Today, depending on who you ask, Soweto’s total population was estimated at between one and four million residents. Official surveys state the population at just over a million, urban developers say at least one-and-a-half million commute from Soweto to Johannesburg each day; Soweto’s residents tend to place stock in much higher ‘unofficial’ figures of between three and four million.
“I have watched you grow like fermented dough and now that you overflow the bowl, I’m witness to the panic you have wrought. You were an afterthought on the by-paths of highways and have lived like a foster child whose wayward ways have broken hearts”.
– Sipho Sepamla, ‘The Soweto I love’ (1977)
Vilakazi Street: Is the place to go for traditional township fare with some great local restaurants.
Mandela House: Former South African President Nelson Mandela and his family lived here from 1946 into the 1990’s. He donated the house to the Soweto Heritage Trust in 1997. The idea Nelson Mandela had for the house was to inform people of his story both from the context of his home and in his life in a manner that promotes human rights.
Hector Pieterson Memorial Musuem: Is situated just a few blocks from where Hector was killed.

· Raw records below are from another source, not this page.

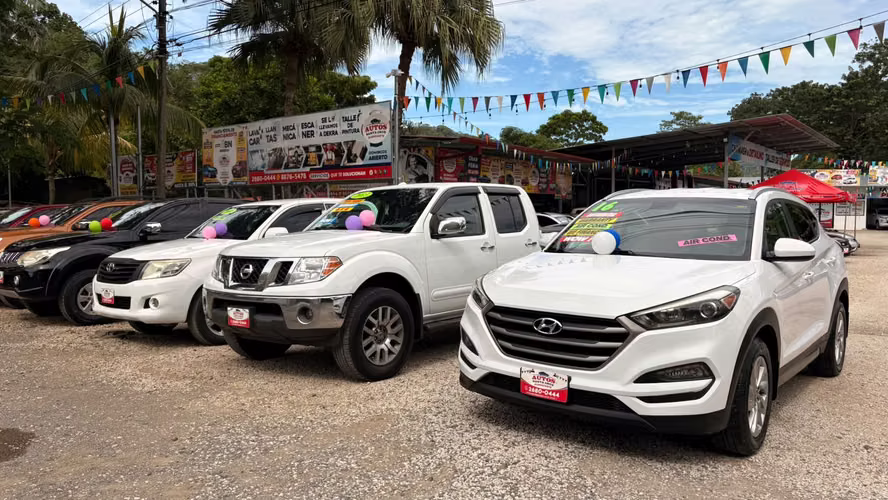 HYUNDAI TUCSON-2016-AUTO-SHIFT TRONIC-4X2-9.375.000 - Imagen 10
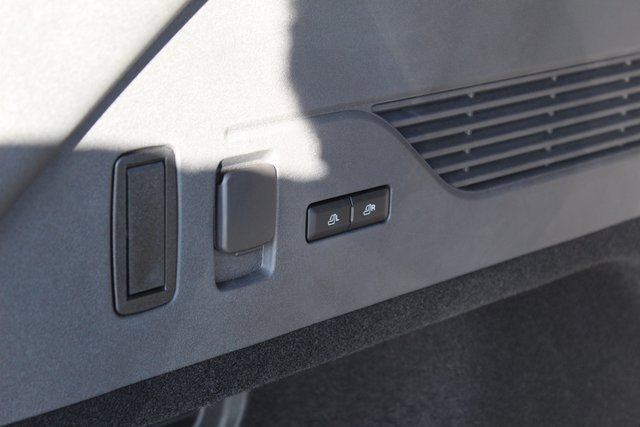 Certified 2024 Lincoln Nautilus Reserve w/ Equipment Group 202A image 6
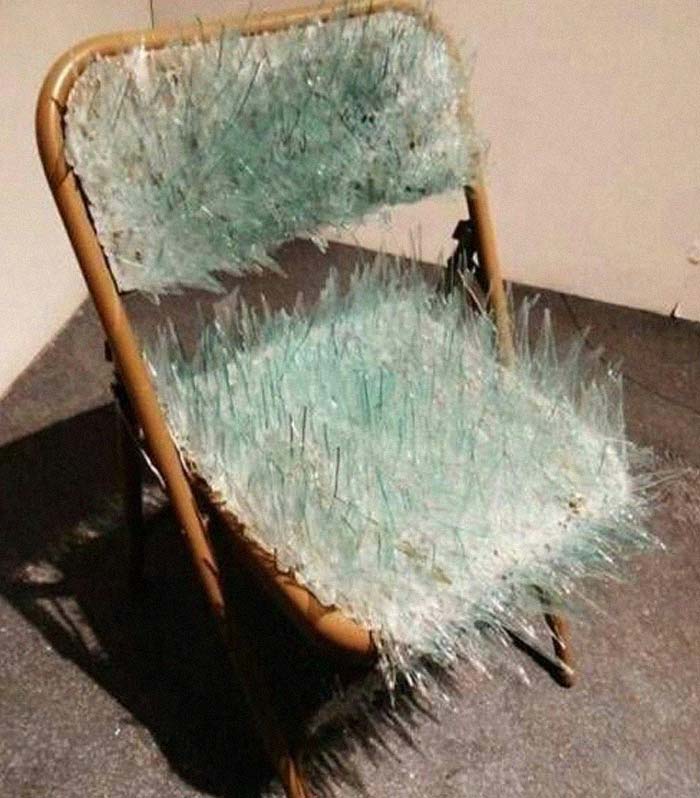 Cursed_chair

The museum features moving photographic and video displays dedicated to the 1976 student uprising, and there is a memorial in the courtyard outside.

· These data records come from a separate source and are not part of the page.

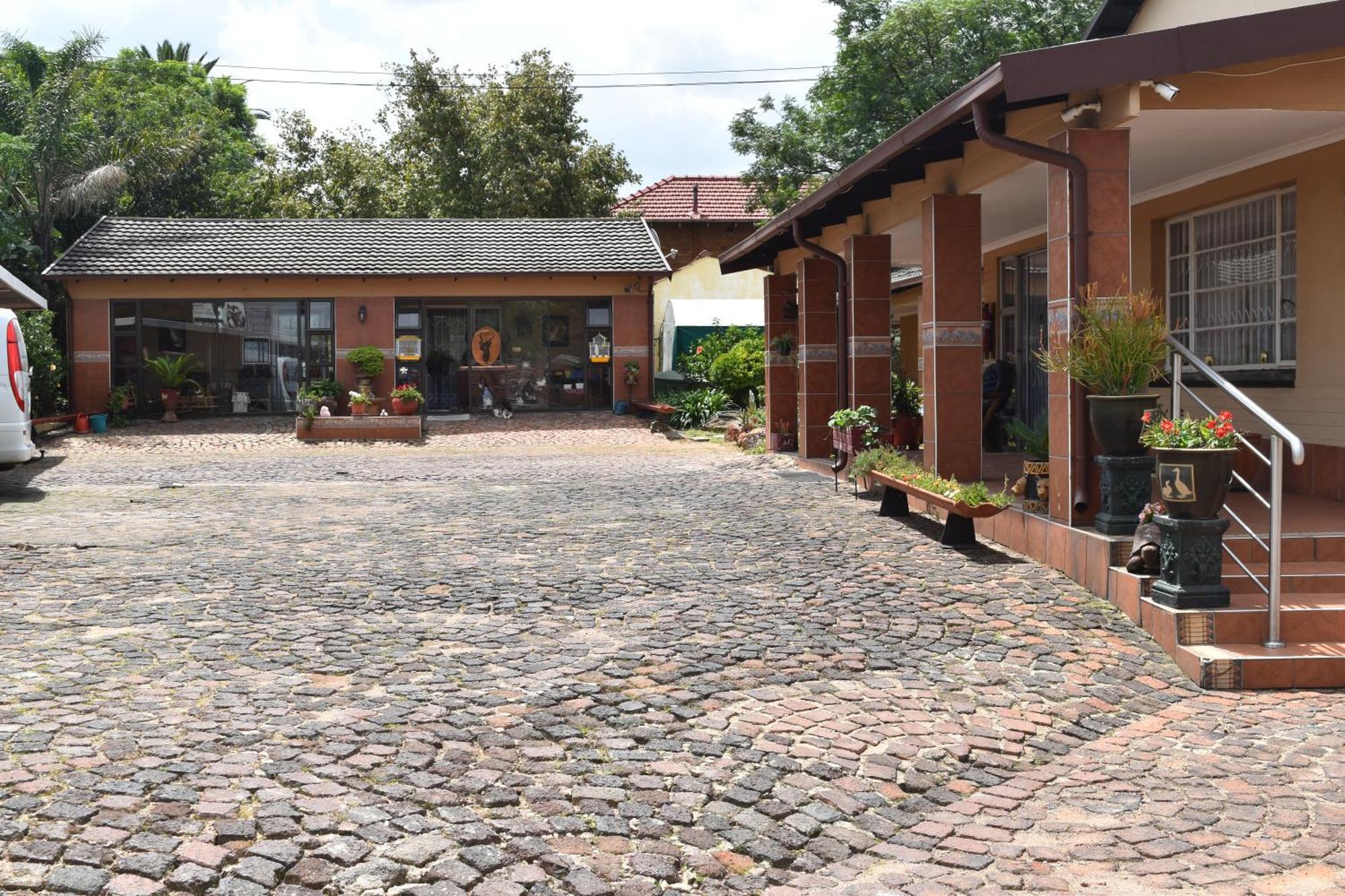 African Elephant Guesthouse Джърмистон Екстериор снимка
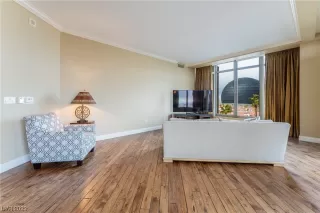 Photo #3: 2535722 Listing 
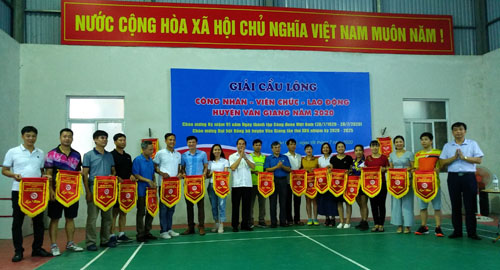 LĐLĐ huyện Văn Giang: Tổ chức giải cầu lông CNVCLĐ năm 2020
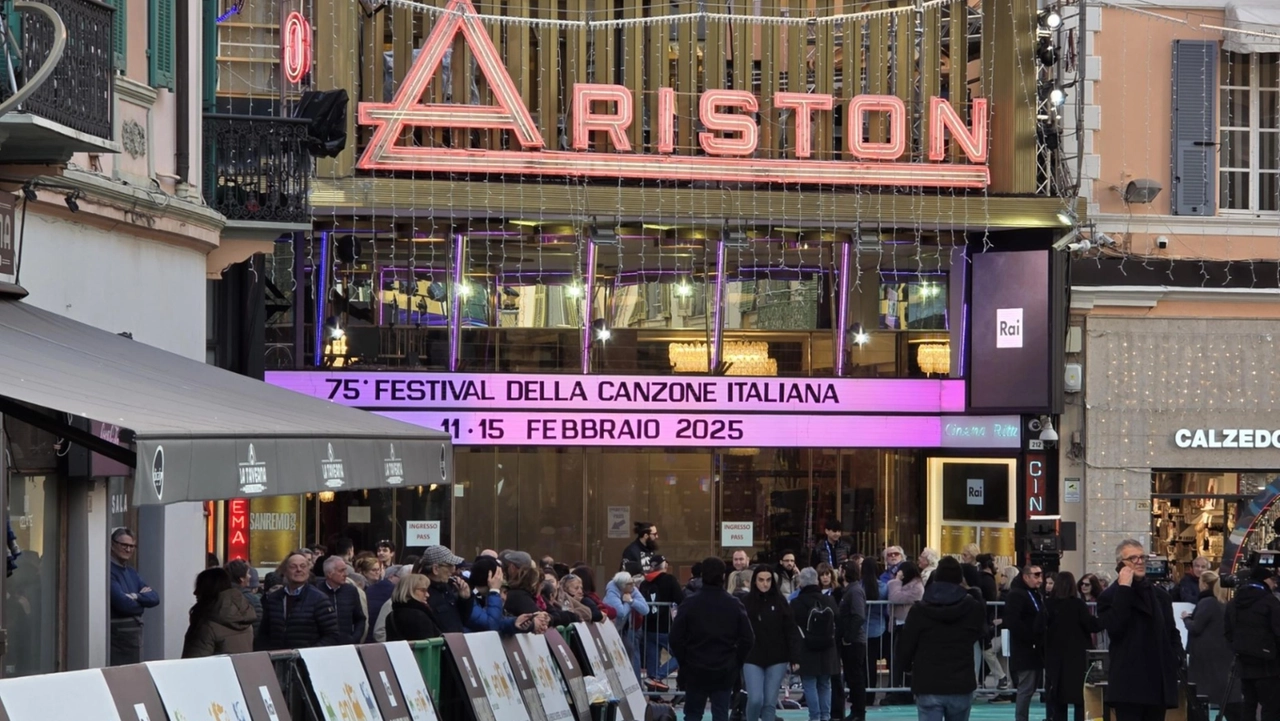 Il teatro Ariston (Ansa) Il teatro Ariston (Ansa)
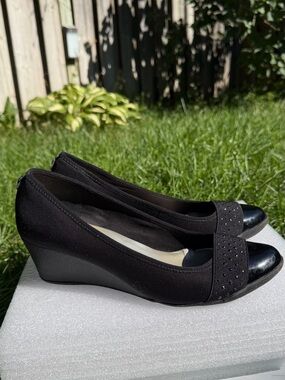 Anne Klein Sport Black Wedge Shoes – Size 8.5 M – Stylish & Comfortable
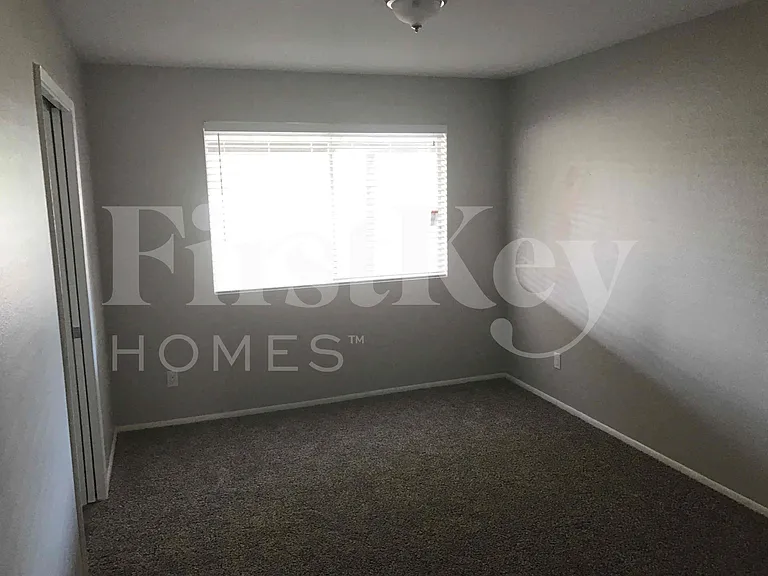 4809 W Laurel Ln — Photo 8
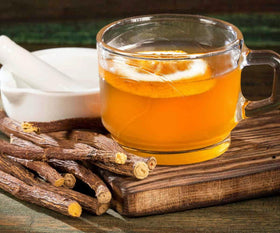 EarthWise licorice root with organic label visible, ideal for caffeine-free tea blends.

Regini Mundi Church: Soweto’s largest catholic church was used to house political rallies that were banned in most of Greater Soweto and was also where protestors from the 1976 uprisings found refuge from police bullets.
Soweto Campus: The University of Johannesburg (UJ), one of the largest, multi-campus, residential universities in South Africa, seeks to achieve the highest distinction in scholarship and research within the higher education context.
Shanty Town: Mix and engage with locals in their own environment – these are our friends so no need to be nervous!